Does the minister not think that it is a fallacy that higher education is free in Scotland—the word “free” is sugar-coated—because it comes at a cost to colleges and those in the poorest areas who are prevented from having access?
I am happy to confirm that I do not think that it is a fallacy that we have free education in Scotland. I was very proud to vote for the reintroduction of free education in Scotland, which compares with tuition fees of £27,000 south of the border.
I was delighted to accept the position of Scottish Government Minister for Employability and Training, and the work that I will do will focus rigidly on those areas. Indeed, this Government will be rigidly focused on ensuring greater attainment in education for underrepresented groups. Looking at measures from the education system, we have school leavers from the 20 per cent most deprived areas of Scotland doing half as well in highers as those from the most affluent areas.
Not by any stretch of the imagination am I saying that the work on broadening participation in education is complete. It is important that our colleges and universities have an integral role in tackling the challenges of broadening attainment. They should provide an accessible and seamless route for learners and reach into industry to create a skilled, employable future workforce. Those are the key aims of our youth employment strategy—developing the young workforce—that has as its aim the reduction of youth unemployment levels by 40 per cent by 2021.
Again, there are considerable strengths to build on. The vast majority of students who leave our universities and colleges go on to a range of positive destinations. As Shirley-Anne Somerville set out in her opening remarks, the number of Scottish-domiciled higher education qualifiers from the country’s most deprived areas has increased by over 2,300, from 8,035 in 2007-8 to 10,395 in 2014-15.
As a minister whose brief straddles the economy and education portfolios, I will be working with our tertiary education sector to capitalise on its many successes in a number of areas. We have a very clear blueprint for achieving much of that through the Government’s youth employment strategy, developing the young workforce. Our colleges and universities are central to developing the skills of Scotland’s future workforce. The challenge is to ensure that those opportunities are of a high quality and are available to all, and that young people are well supported in the choices that they make.

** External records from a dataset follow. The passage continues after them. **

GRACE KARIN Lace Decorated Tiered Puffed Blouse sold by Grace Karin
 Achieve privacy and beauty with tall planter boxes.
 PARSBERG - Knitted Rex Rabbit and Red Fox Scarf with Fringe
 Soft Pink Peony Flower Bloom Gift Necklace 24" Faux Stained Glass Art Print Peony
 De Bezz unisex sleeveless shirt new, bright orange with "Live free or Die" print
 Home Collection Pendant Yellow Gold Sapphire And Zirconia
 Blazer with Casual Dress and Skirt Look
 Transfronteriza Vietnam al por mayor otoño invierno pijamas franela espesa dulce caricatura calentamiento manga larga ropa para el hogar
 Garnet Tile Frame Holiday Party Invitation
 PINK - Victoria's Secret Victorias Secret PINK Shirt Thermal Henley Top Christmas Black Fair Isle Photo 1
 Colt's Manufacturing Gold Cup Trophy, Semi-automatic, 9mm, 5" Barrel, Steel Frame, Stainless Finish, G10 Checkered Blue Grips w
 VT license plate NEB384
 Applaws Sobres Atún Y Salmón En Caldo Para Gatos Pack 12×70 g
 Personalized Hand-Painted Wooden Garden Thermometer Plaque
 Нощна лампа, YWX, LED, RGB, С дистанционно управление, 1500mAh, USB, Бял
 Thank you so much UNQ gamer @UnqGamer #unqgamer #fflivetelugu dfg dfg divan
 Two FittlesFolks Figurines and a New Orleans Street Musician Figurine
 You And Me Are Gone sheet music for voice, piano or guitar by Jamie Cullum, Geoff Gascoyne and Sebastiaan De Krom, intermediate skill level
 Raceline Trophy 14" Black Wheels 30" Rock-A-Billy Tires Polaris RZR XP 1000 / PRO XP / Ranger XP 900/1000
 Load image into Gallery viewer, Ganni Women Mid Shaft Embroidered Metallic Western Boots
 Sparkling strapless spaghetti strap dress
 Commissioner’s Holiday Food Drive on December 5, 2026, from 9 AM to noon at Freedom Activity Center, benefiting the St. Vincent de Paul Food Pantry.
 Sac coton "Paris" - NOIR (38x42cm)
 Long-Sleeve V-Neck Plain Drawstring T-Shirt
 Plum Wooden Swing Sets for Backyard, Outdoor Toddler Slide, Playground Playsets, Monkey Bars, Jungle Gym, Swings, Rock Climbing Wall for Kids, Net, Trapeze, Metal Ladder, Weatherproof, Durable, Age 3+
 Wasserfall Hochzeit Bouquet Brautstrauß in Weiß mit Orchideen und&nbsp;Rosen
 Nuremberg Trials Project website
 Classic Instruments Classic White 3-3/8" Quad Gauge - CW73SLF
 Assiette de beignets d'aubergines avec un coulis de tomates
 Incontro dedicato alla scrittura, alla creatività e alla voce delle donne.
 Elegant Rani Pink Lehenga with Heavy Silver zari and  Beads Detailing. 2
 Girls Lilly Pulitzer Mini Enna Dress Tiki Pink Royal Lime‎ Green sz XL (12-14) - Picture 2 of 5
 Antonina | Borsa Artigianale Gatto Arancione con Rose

We are making some progress in broadening the reach of our tertiary education sector but I recognise that there is more to do. That is something that this Administration is absolutely committed to, but—to be clear—we can reflect on the fact that Scotland’s colleges and universities provide a modern, responsive and valued part of our education and training system.
This Government is committed to ensuring that everyone in Scotland has an equal opportunity to succeed and contribute. I hope that that commitment is reflected across the chamber. I invite members to join the Government in recognising the value of our colleges and universities and supporting them and Scotland’s learners to build on their successes.